Le prochain budget donne lieu à des discussions serrées entre les deux poids lourds de la majorité, le Mouvement Cinq Etoiles (M5S, antisystème), dont M. Di Maio est le chef de file et la Ligue (extrême droite) que dirige l'autre vice-Premier ministre Matteo Salvini.

Ce dernier défend l'idée d'une grande baisse des impôts passant par une "flat tax" comportant deux taux uniques de 15 et 20%, tandis que M. Di Maio défend le projet d'un revenu de citoyenneté, sorte de revenu universel dont les contours sont encore à préciser.

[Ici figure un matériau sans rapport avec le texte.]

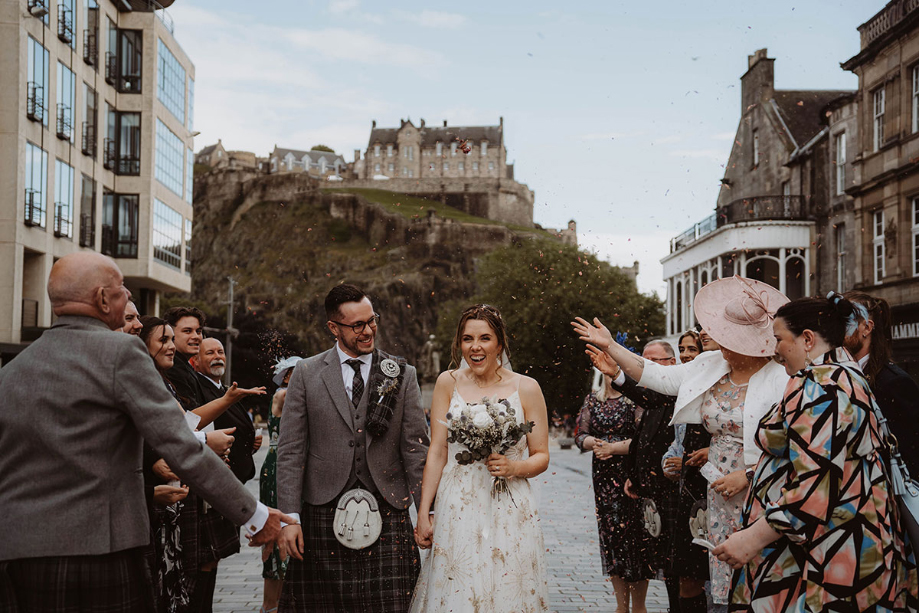 Bride and groom walk through confetti shower with view of Edinburgh Castle in background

Ces deux réformes ont un coût très élevé, quelque 10 milliards d'euros pour le seul revenu de citoyenneté, et des arbitrages seront nécessaires, qui génèrent une certaine tension entre les deux principaux actionnaires du gouvernement populiste italien.

"Ou il se fait, ou il y aura un gros problème pour ce gouvernement", a ainsi lancé mardi soir M. Di Maio, interrogé sur ce revenu de citoyenneté par la télévision publique Rai 3.

Mercredi, la Bourse de Milan a accusé le coup avant de se reprendre dans la journée. L'indice FTSE MIB a perdu près d'un 1% avant de se reprendre, mais certaines banques comme Intesa Sanpaolo ont cédé jusqu'à plus de 3%. Vers 16H30, il revenait très légèrement dans le vert à +0,07%. Sur le marché secondaire de la dette, vers 16H15 (14H15 GMT), le taux d'emprunt italien à 10 ans remontait à 2,978% contre 2,943% à la clôture mardi.

Le spread, indicateur très suivi de la confiance, qui mesure l'écart entre les taux italien et allemand, s'établissait à 257,21 points de pourcentage après avoir touché un point bas à 244 ces derniers jours, à la suite de déclarations jugées apaisantes sur le budget du ministre italien des Finances Giovanni Tria.